WHAT IS EXPECTED: Exactly the lines from the one containing "Sage's Enchanted Crystals" through the end of the listing must make up the answer, with no pictures included.

DATA PROVIDED:
◇ ◇ ◇
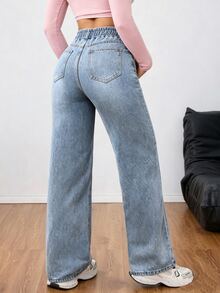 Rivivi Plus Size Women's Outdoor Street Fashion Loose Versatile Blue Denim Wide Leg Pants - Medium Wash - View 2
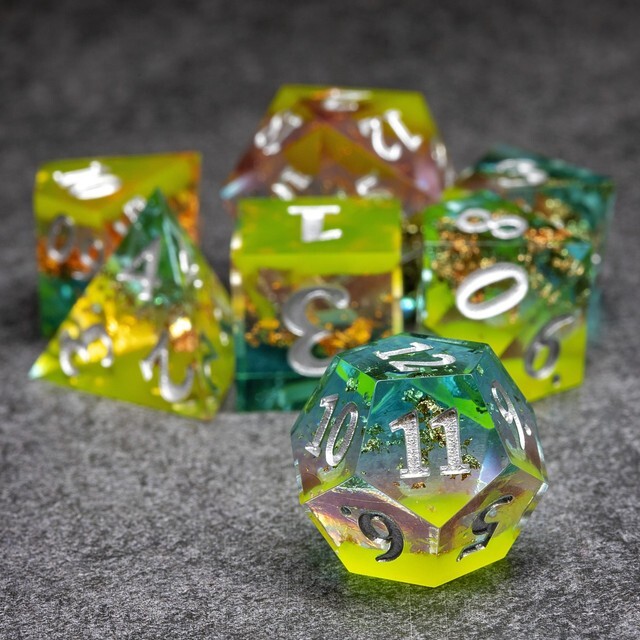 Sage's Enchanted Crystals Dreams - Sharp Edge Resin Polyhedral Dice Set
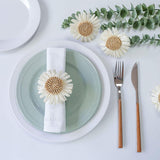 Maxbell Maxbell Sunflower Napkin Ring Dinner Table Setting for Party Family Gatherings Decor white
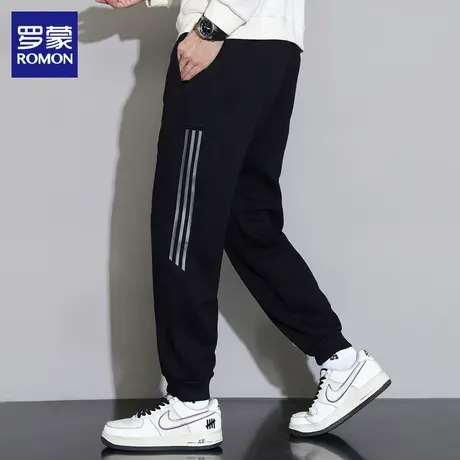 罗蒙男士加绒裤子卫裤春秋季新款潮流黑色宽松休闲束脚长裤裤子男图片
◇ ◇ ◇
SOLUTION FOR THIS PROBLEM:
 Sage's Enchanted Crystals Dreams - Sharp Edge Resin Polyhedral Dice Set
 Maxbell Maxbell Sunflower Napkin Ring Dinner Table Setting for Party Family Gatherings Decor white
 罗蒙男士加绒裤子卫裤春秋季新款潮流黑色宽松休闲束脚长裤裤子男图片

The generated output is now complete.